Ibovespa enfrenta volatilidade com tensões políticas nos EUA e mudanças regulatórias no setor aéreo brasileiro
Ibovespa enfrenta volatilidade nesta terça diante de tensões políticas nos EUA e debates sobre direitos dos passageiros no Brasil.
Os mercados financeiros internacionais e o Ibovespa enfrentam volatilidade nesta terça-feira (20), enquanto investidores acompanham os desdobramentos das ações do presidente dos Estados Unidos, Donald Trump, e as discussões regulatórias no setor aéreo brasileiro.

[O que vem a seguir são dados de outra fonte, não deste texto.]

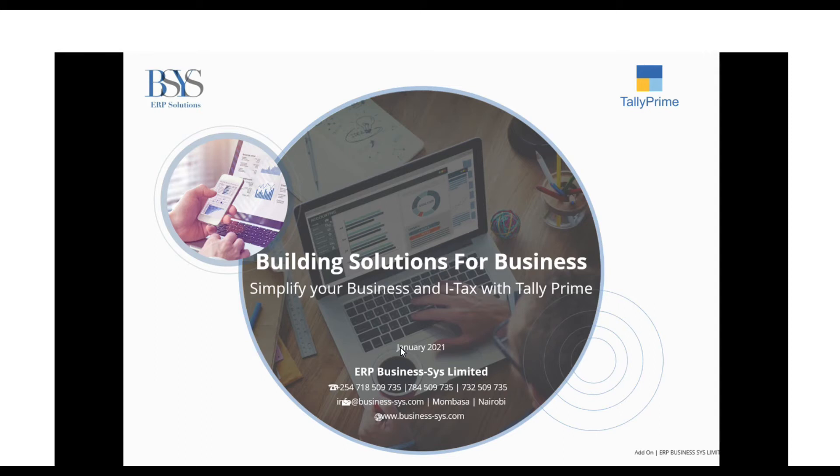Welcome to ERP Businesses Ltd, Tally Software's authorised solution partner in East Africa. In this video, I'll be taking you through our Auto-MPESA integration module.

Tensão política dos EUA impacta os mercados globais
Após um período de recesso, Wall Street voltou a operar com cautela diante das ameaças do presidente Donald Trump de impor tarifas a países europeus que rejeitem a aquisição da Groenlândia pelos EUA. Esta movimentação tem provocado apreensão nos mercados, pois pode intensificar disputas comerciais e afetar cadeias globais de suprimentos.

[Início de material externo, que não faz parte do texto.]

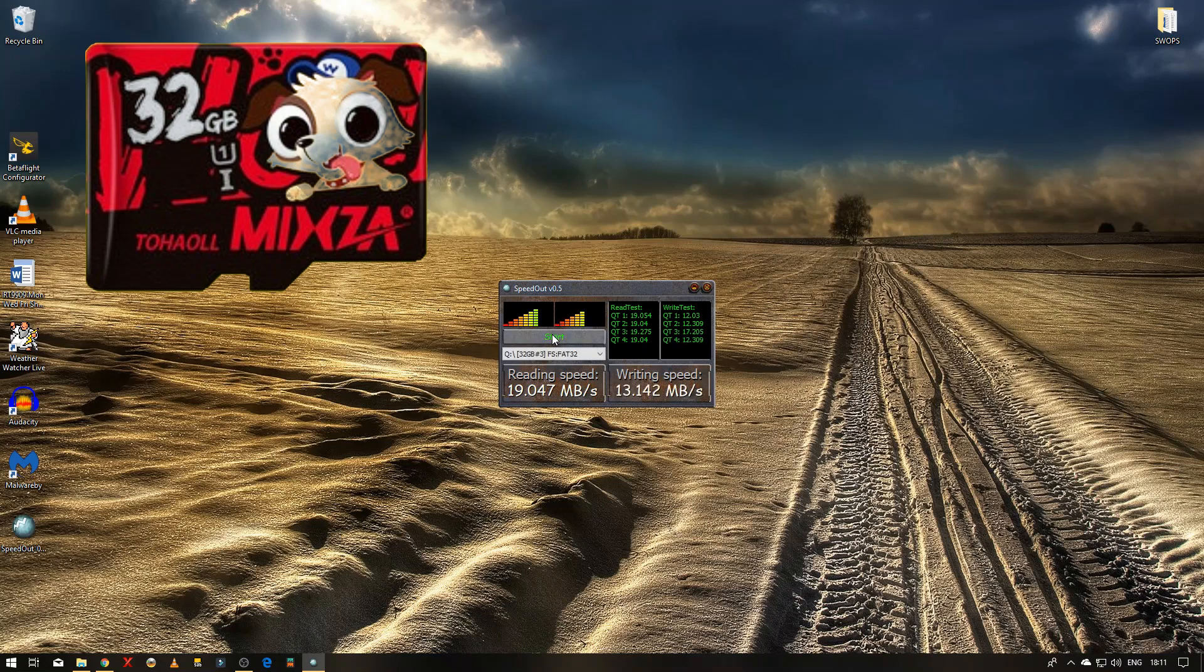So there you go, so it's 19 MB a second and the writing speed is 13, so not quite what they said. I don't quite know how they get that speed.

Além disso, o julgamento pela Suprema Corte dos Estados Unidos sobre a legalidade das tarifas recíprocas impostas no início do mandato de Trump adiciona incertezas. O presidente indicou que, em caso de derrota, poderia instituir novos impostos generalizados de 10%, o que preocupa investidores e analistas.
Outro ponto sensível é a tentativa de demissão da diretora do Federal Reserve, Lisa Cook, acusada por Trump de fraude hipotecária. O desfecho desse processo é visto como um teste importante à independência do Fed, fator que influência diretamente a política monetária americana e, consequentemente, os mercados financeiros mundiais.

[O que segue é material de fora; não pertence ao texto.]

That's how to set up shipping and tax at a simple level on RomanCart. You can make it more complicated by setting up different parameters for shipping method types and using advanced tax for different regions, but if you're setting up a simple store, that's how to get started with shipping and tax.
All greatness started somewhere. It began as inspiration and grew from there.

Mercado brasileiro e revisão dos direitos dos passageiros aéreos
No âmbito nacional, a Agência Nacional de Aviação Civil (Anac) promove nesta terça-feira debates sobre a revisão da Resolução nº 400, que estabelece direitos essenciais dos passageiros no transporte aéreo, como alimentação, comunicação, hospedagem, reacomodação e reembolso em casos de atrasos ou cancelamentos.
Estas discussões ganham importância num momento em que o setor aéreo brasileiro busca se recuperar e se adaptar às novas demandas dos consumidores e às mudanças regulatórias, despertando atenção dos investidores quanto aos impactos financeiros para as companhias aéreas.
Desempenho do Ibovespa e indicadores econômicos
No último pregão, o Ibovespa fechou praticamente estável, com leve alta de 0,03%, aos 164.849,27 pontos, refletindo a cautela dos investidores diante dos acontecimentos globais e domésticos.
O dólar à vista registrou queda de 0,16%, cotado a R$ 5,3640, enquanto o ETF iShares MSCI Brazil (EWZ), principal fundo de ações brasileiras negociado em Nova York, apresentava queda de 0,66% no pré-market.
As bolsas asiáticas fecharam em baixa, com destaque para Tóquio e Hong Kong, e os principais índices europeus também operavam em queda. Os futuros dos índices americanos indicavam um início de pregão negativo, com recuos relevantes no Nasdaq, S&P 500 e Dow Jones.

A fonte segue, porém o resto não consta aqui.